The results were definitively neutral. The primary endpoint of AF burden at three months showed no significant difference: 7.5 ± 23.6% in the dapagliflozin group vs 8.1 ± 25.5% in the control group (P=0.48). When analyzing clinical recurrence (defined as any atrial arrhythmia lasting >30 seconds), 29 patients (29.6%) in the dapagliflozin group and 28 patients (28.0%) in the control group reached the endpoint (HR 1.11; 95% CI, 0.66-1.86; P=0.70).

Furthermore, the study examined surrogate markers of atrial health. Changes in left atrial diameter, a key metric for structural remodeling, did not differ significantly between the two groups. Quality of life metrics, which are paramount in AF management, also remained similar, suggesting that the addition of dapagliflozin did not confer a subjective symptomatic benefit in the immediate post-ablation period.

Mechanistic Insights and Atrial Remodeling

The lack of efficacy in DARE-AF invites a critical re-evaluation of the mechanisms by which SGLT2 inhibitors might influence atrial electrophysiology. It has been hypothesized that SGLT2 inhibitors reduce AF via several pathways: reduction of epicardial adipose tissue (which secretes pro-inflammatory cytokines), inhibition of the sodium-hydrogen exchanger (NHE-1) in the myocardium, and reduction of oxidative stress.

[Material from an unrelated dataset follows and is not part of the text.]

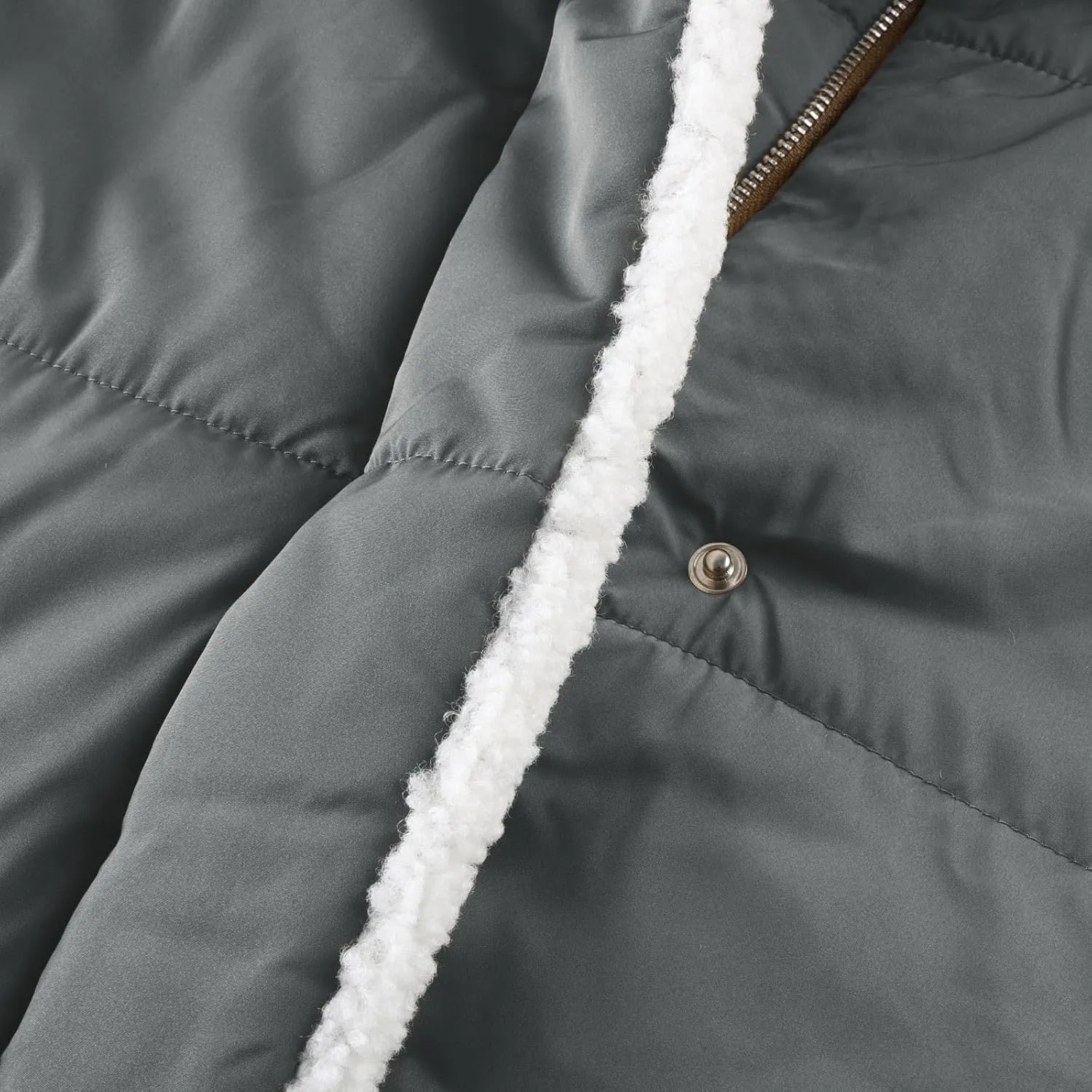Women Puffer Jacket Fall Winter Fashion Warm Quilted Long Hooded Padded Bubble Hooded Coat Warm Long Jacket Parka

The neutrality of DARE-AF suggests that in the absence of systemic metabolic dysfunction (like diabetes) or hemodynamic stress (like heart failure), these mechanisms may not be sufficiently potent to overcome the acute inflammatory and electrical triggers associated with catheter ablation. It is possible that the “substrate” of AF in patients without comorbidities is more driven by mechanical/structural factors than by the metabolic pathways that SGLT2 inhibitors effectively target.

Expert Commentary

The results of the DARE-AF trial provide a necessary “reality check” for the enthusiasm surrounding SGLT2 inhibitors in electrophysiology. While observational data were promising, they likely reflected the drug’s efficacy in managing the underlying drivers of AF in sicklier patients—namely, reducing filling pressures in heart failure or improving glycemic control and renal function. In a “healthier” cohort where these drivers are absent, the drug appears to have a negligible impact on the immediate post-ablation blanking period.

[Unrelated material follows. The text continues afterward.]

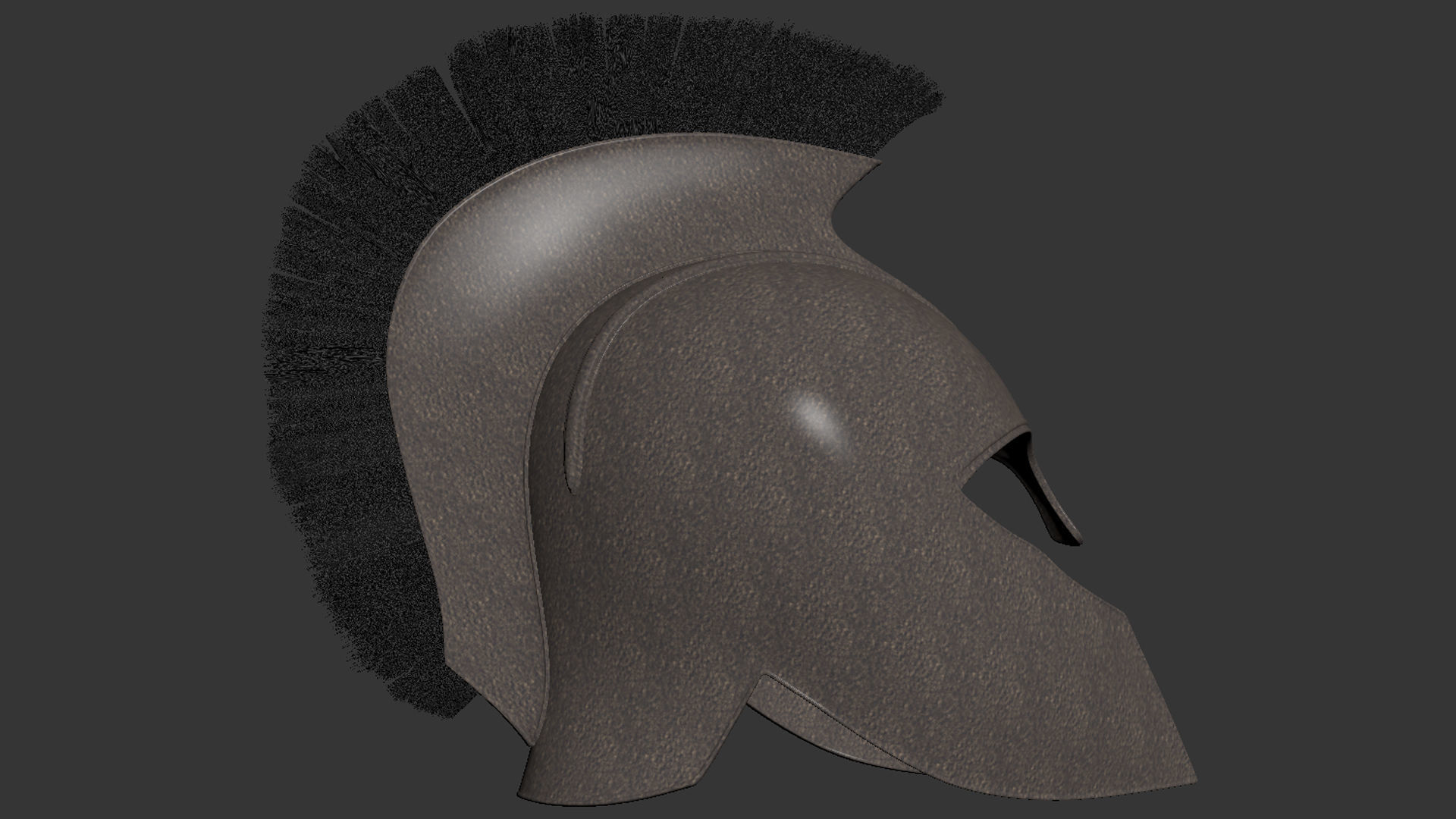 Achilles helmet 3D model_8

One critical limitation of DARE-AF is the 3-month duration of the intervention. While this covers the “blanking period” where inflammation-driven recurrence is high, it may be too short to observe the long-term benefits of reverse structural remodeling. However, the lack of difference in left atrial diameter suggests that even early structural changes were not significantly influenced. Another consideration is the use of an open-label design; however, the primary endpoint (ECG patch burden) is an objective metric, minimizing the risk of observer bias.

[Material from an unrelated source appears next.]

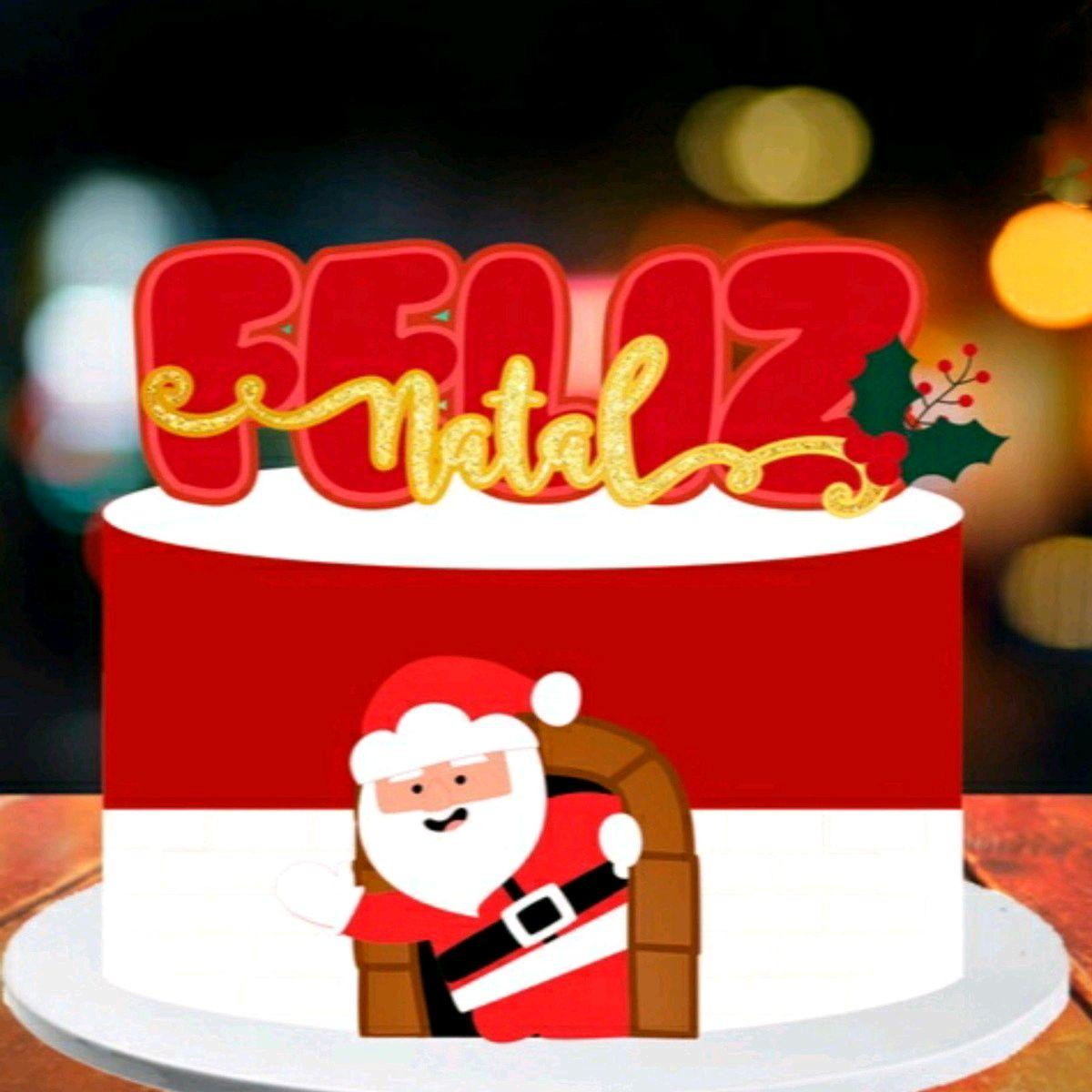ARQUIVO DE CORTE TOPO DE BOLO NATAL - CAMADAS (#2216) STUDIO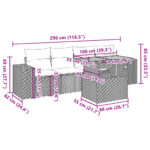 vidaXL 5-dielna záhradná súprava pohoviek s vankúšmi béžová polyratan – Obrázok 12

Clinicians should continue to prescribe SGLT2 inhibitors according to established guidelines for HF, DM, and CKD. However, DARE-AF suggests that initiating dapagliflozin solely to improve ablation outcomes in patients without those comorbidities is not currently supported by high-level evidence.

Conclusion

The DARE-AF trial concludes that short-term (3-month) treatment with dapagliflozin does not reduce AF burden or clinical recurrence after a first catheter ablation for persistent AF in patients without diabetes, heart failure, or CKD. These findings highlight the importance of patient selection when applying the pleiotropic benefits of SGLT2 inhibitors. Future research should perhaps focus on longer-term follow-up or investigate whether patients with subclinical metabolic syndrome—not yet meeting full diagnostic criteria for DM or HF—might still derive benefit from this therapeutic class in the context of rhythm control.

References

  • Jiang C, et al. Dapagliflozin to Reduce Early Recurrence After Catheter Ablation for Atrial Fibrillation: The DARE-AF Randomized Clinical Trial. Circulation. 2026 Feb 3;153(5):297-306. PMID: 41206792.
  • Heidenreich PA, et al. 2022 AHA/ACC/HFSA Guideline for the Management of Heart Failure. J Am Coll Cardiol. 2022;79(17):e263-e421. PMID: 35379503.
  • Zannad F, et al. SGLT2 inhibitors in patients with heart failure with reduced ejection fraction: a meta-analysis of the EMPEROR-Reduced and DAPA-HF trials. Lancet. 2020;396(10254):819-829. PMID: 32861314.